La data di ieri verrà ricordata nella storia del conflitto afghano post-11 settembre.
Ieri è definitivamente crollata la speranza che il (già vacillante) programma occidentale di uscita dal Paese potesse essere attuato come previsto.
In realtà la “transizione” ovvero il passaggio delle competenze sulla sicurezza dalle truppe Isaf alle truppe afghane entro il 2014, attraverso di un programma di addestramento militare sempre più inteso e altrettanto intense trattative di pace, da tempo sembrava solo un modo per lasciare il paese senza ammettere gli errori commessi in questo conflitto. Ieri però le cose si sono ulteriormente complicate.
Karzai ha incontrato Leon Panetta, il ministro alla difesa americano (per inciso, non mirava a lui ma ad un alto ufficiale Nato l’interprete afghano trasformatosi in kamikaze sulla pista della base di Kandahar, il giorno prima) e gli ha fatto sapere che vuole le truppe Isaf fuori dalle aree rurali afghane a partire dal 2013. Visto che l’Afghanistan è un enorme area rurale e visto che è lì che si svolgono i combattimenti (non nelle poche aree urbane, terreno invece per attentati), la richiesta di Karzai equivale ad anticipare il ritiro al 2013.
In contemporanea, i talebani hanno fatto sapere di aver sospeso le trattative di pace con gli americani. Per la verità parlare di trattative di pace è arduo, dopo anni di tentativi negli ultimi mesi qualcosa si sta muovendo – grazie all’idea di aprire un ufficio talebano in Qatar – ma siamo alle fasi preliminari. Le fasi in cui le parti si danno prova della reciproca sincerità, in questo caso, attraverso lo scambio di prigionieri: cinque comandanti talebani detenuti a Guantanamo (da trasferire ai domiciliari in Qatar) in cambio un americano – non è chiaro di chi si tratti.
I talebani non hanno precisato quale sia il prolema ma è chiaro che l’amministrazione americana sta affrontando grossi resistenze interne (vedi la posizione dei Repubblicani) perchè il rilascio di prigionieri non fa parte della prassi diplomatica statunitense.

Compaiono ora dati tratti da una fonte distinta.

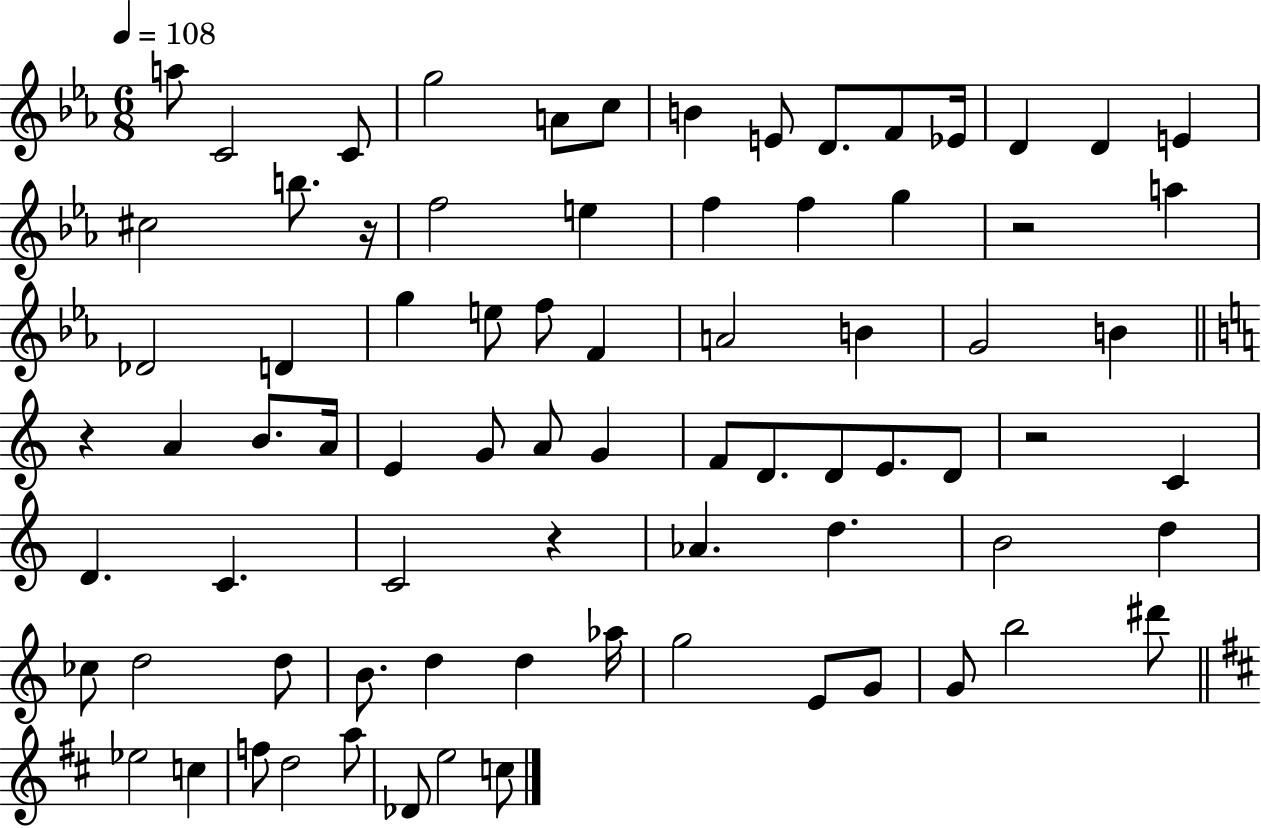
X:1
T:Untitled
M:6/8
L:1/4
K:Eb
a/2 C2 C/2 g2 A/2 c/2 B E/2 D/2 F/2 _E/4 D D E ^c2 b/2 z/4 f2 e f f g z2 a _D2 D g e/2 f/2 F A2 B G2 B z A B/2 A/4 E G/2 A/2 G F/2 D/2 D/2 E/2 D/2 z2 C D C C2 z _A d B2 d _c/2 d2 d/2 B/2 d d _a/4 g2 E/2 G/2 G/2 b2 ^d'/2 _e2 c f/2 d2 a/2 _D/2 e2 c/2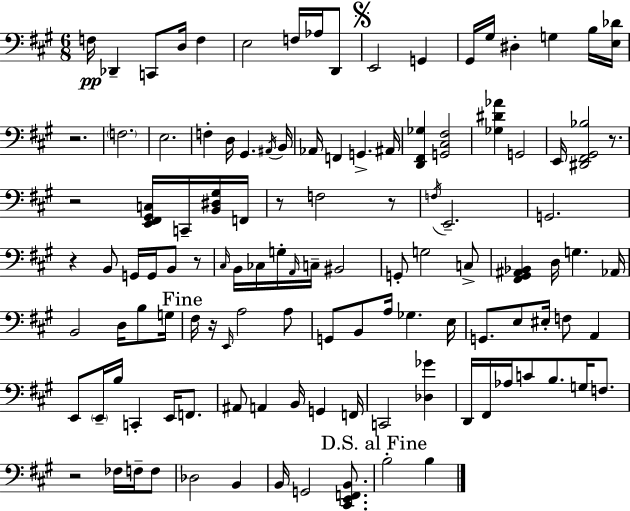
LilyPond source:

{
  \clef bass
  \numericTimeSignature
  \time 6/8
  \key a \major
  f16\pp des,4-- c,8 d16 f4 | e2 f16 aes16 d,8 | \mark \markup { \musicglyph "scripts.segno" } e,2 g,4 | gis,16 gis16 dis4-. g4 b16 <e des'>16 | \break r2. | \parenthesize f2. | e2. | f4-. d16 gis,4. \acciaccatura { ais,16 } | \break b,16 aes,16 f,4 g,4.-> | ais,16 <d, fis, ges>4 <g, cis fis>2 | <ges dis' aes'>4 g,2 | e,16 <dis, fis, gis, bes>2 r8. | \break r2 <e, fis, gis, c>16 c,16-- <b, dis gis>16 | f,16 r8 f2 r8 | \acciaccatura { f16 } e,2.-- | g,2. | \break r4 b,8 g,16 g,16 b,8 | r8 \grace { cis16 } b,16 ces16 g16-. \grace { a,16 } c16-- bis,2 | g,8-. g2 | c8-> <fis, gis, ais, bes,>4 d16 g4. | \break aes,16 b,2 | d16 b8 g16 \mark "Fine" fis16 r16 \grace { e,16 } a2 | a8 g,8 b,8 a16 ges4. | e16 g,8. e8 eis16-. f8 | \break a,4 e,8 \parenthesize e,16-- b16 c,4-. | e,16 f,8. ais,8 a,4 b,16 | g,4 f,16 c,2 | <des ges'>4 d,16 fis,16 aes16 c'8 b8. | \break g16 f8. r2 | fes16 f16-- f8 des2 | b,4 b,16 g,2 | <cis, e, f, b,>8. \mark "D.S. al Fine" b2-. | \break b4 \bar "|."
}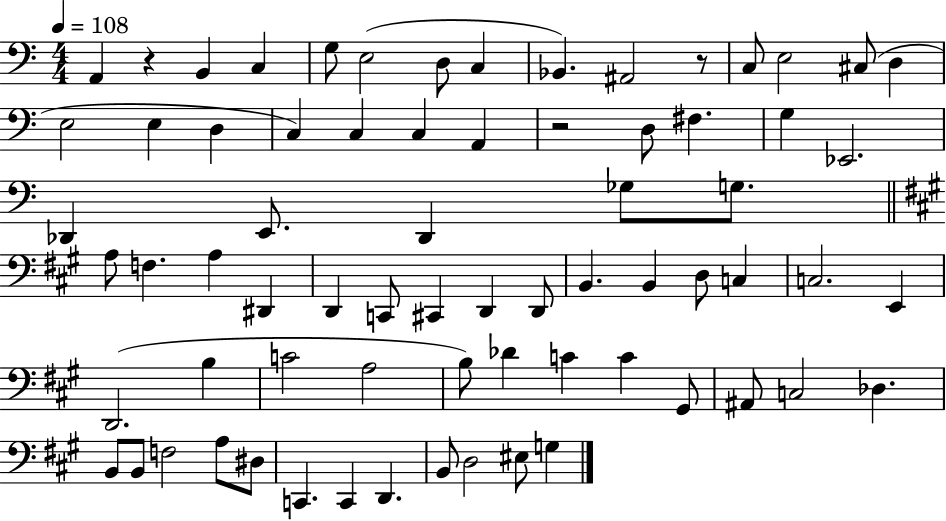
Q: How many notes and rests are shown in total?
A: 71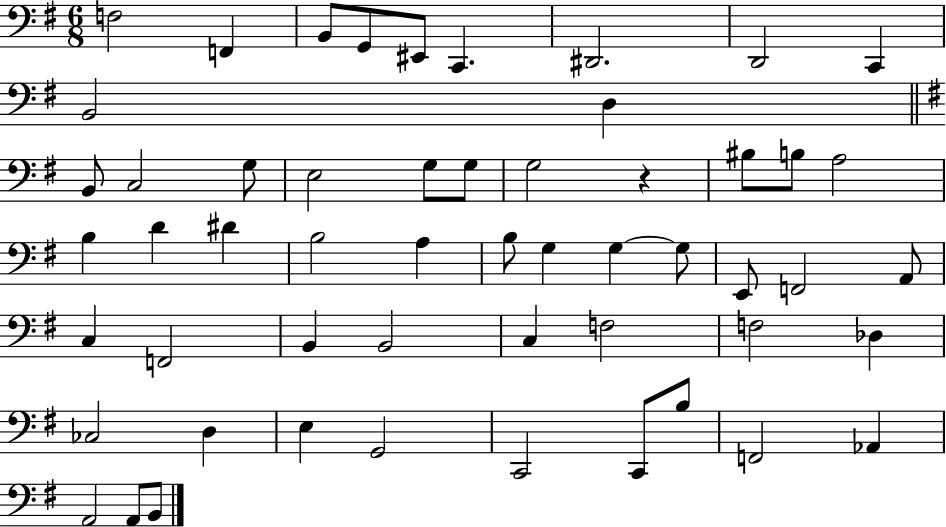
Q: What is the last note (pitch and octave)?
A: B2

Senza considerare che le lungaggini americani assieme ai fatti di cronaca (Corano bruciato, la strage di civili a Kandahar) non fanno altro che giocare a favore di quelle componenti talebane che preferiscono aspettare il ritiro piuttosto che trattare.
Un colpo alle gambe, entrambe le “gambe” (la durata della presenza militare e le trattative di pace) della transizione…una exit-strategy che rischia di ritrovarsi senza via di uscita.